With this module you could:
- convert Droid signatures to Perl regular expressions
- analyze files and display which/where pattern of Droid signature matches via tag-files for wxHexEditor
- calc statistics about Droid signatures
The module is in early alpha state and should not be used in production.
Examples
Colorize wxHexeditor fields
See example file bin/pronom2wxhexeditor.pl. This colorizes the hex-blob to check PRONOM pattern matches for a given file.
Identify file
There are better tools for the job, but as a proof of concept certainly not bad: Identifying the file type of a file.

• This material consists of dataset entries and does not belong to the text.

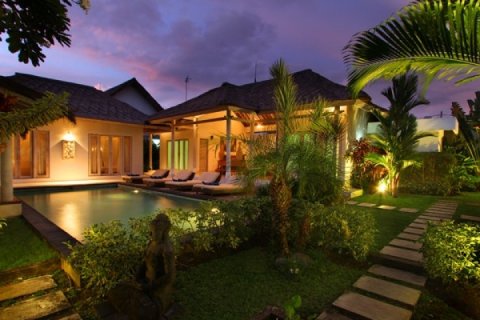 Вилла с 4 спальнями в Seminyak, Бадунг, Индонезия № 1592 4
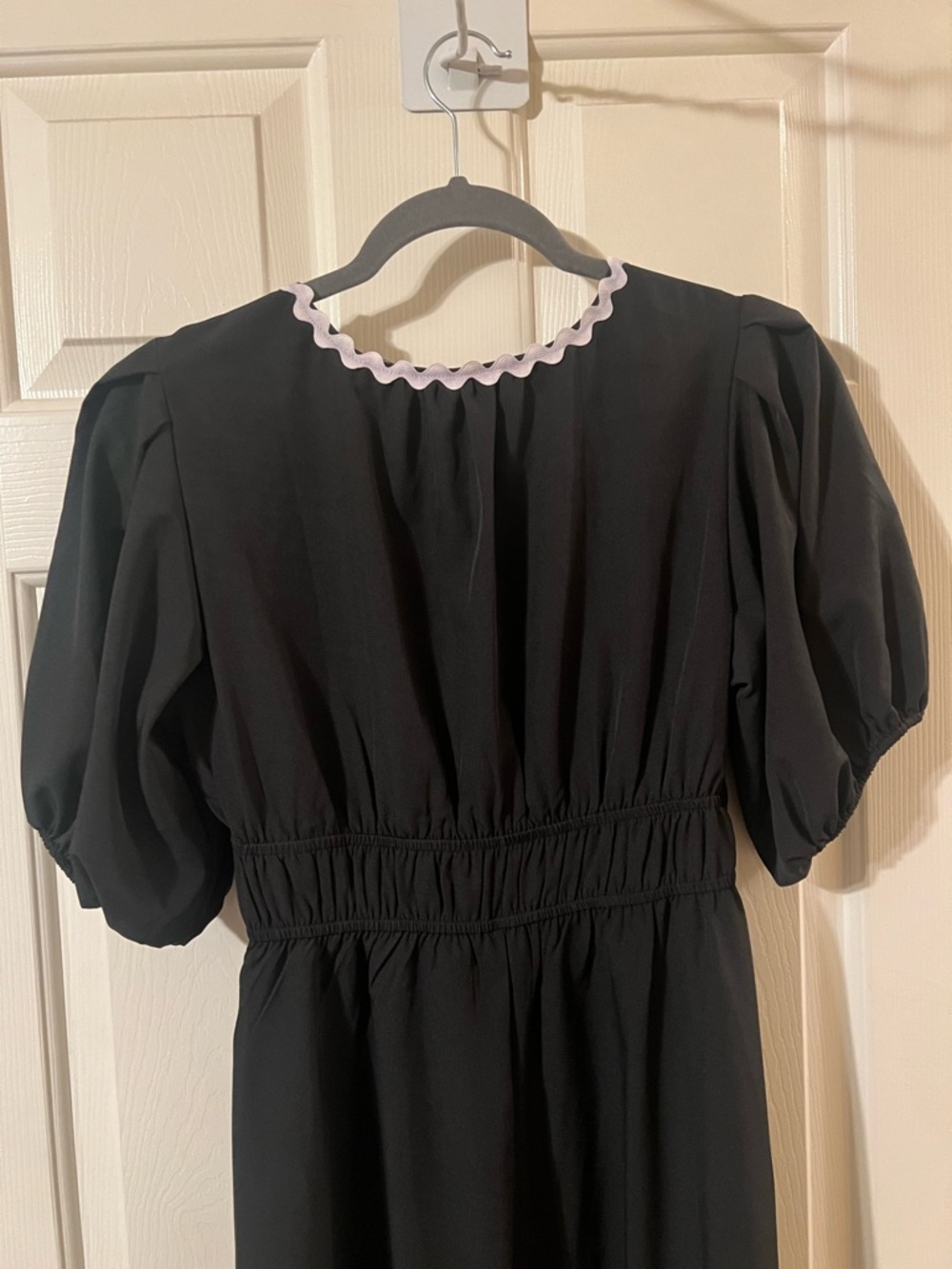 NWOT Black and White Ric-Rac Puff Sleeve High Elastic Waist Maxi Dress Size S - Picture 9 of 11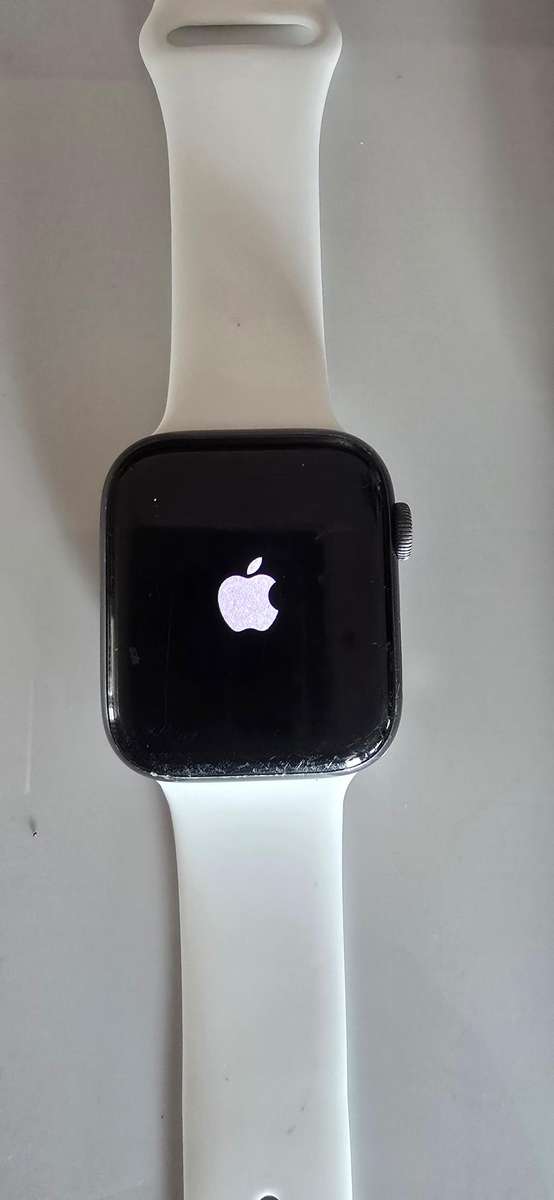 Apple Watch Series 6 44mm, GPS and Cellular, 32GB.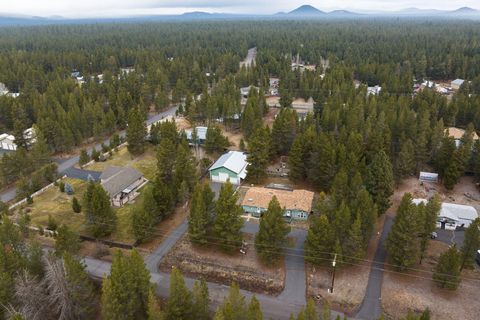 Tiny photo for 15728 Eastwind Court, La Pine, OR 97739 (MLS # 220212810)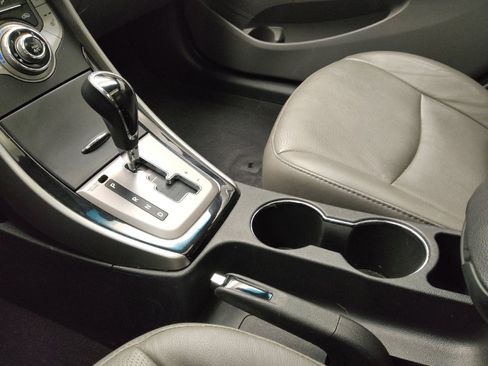 Used 2013 Hyundai Elantra Limited image 26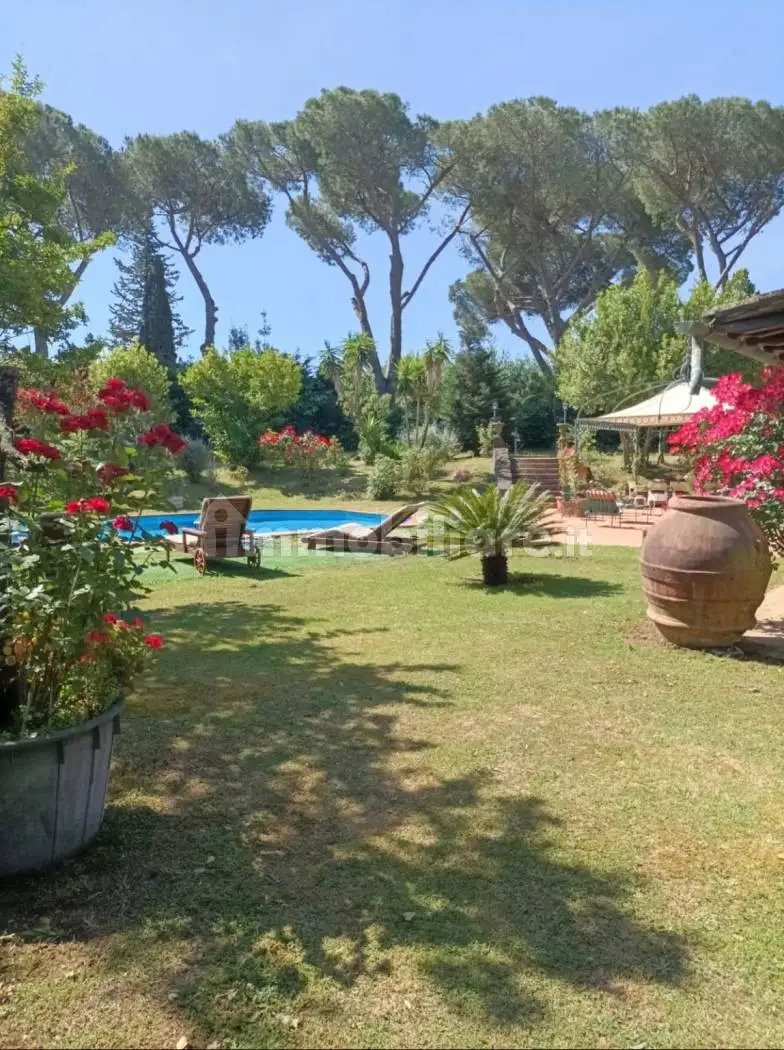 Villa in affitto a Roma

my $pronom = File::FormatIdentification::Pronom->new(
"droid_signature_filename" => $pronomfile
);
# .. $filestream is a scalar representing a file
foreach my $internalid ( $pronom->get_all_internal_ids() ) {
my $sig = $pronom->get_signature_id_by_internal_id($internalid);
next unless defined $sig;
my @regexes = $pronom->get_regular_expressions_by_internal_id($internalid);
if ( all {$filestream =~ m/$_/saa} @regexes ) {
my $puid = $pronom->get_puid_by_signature_id($sig);
my $name = $pronom->get_name_by_signature_id($sig);
my $quality = $pronom->get_qualities_by_internal_id($internalid);
say "$binaryfile identified as $name with PUID $puid (regex quality $quality)";
}
}
See example file bin/pronomidentify.pl for a full working script.
Get PRONOM Statistics
To get a feeling for which signatures need to be revised in PRONOM, or why which file formats are difficult to recognize, you can get detailed statistics for given signature files.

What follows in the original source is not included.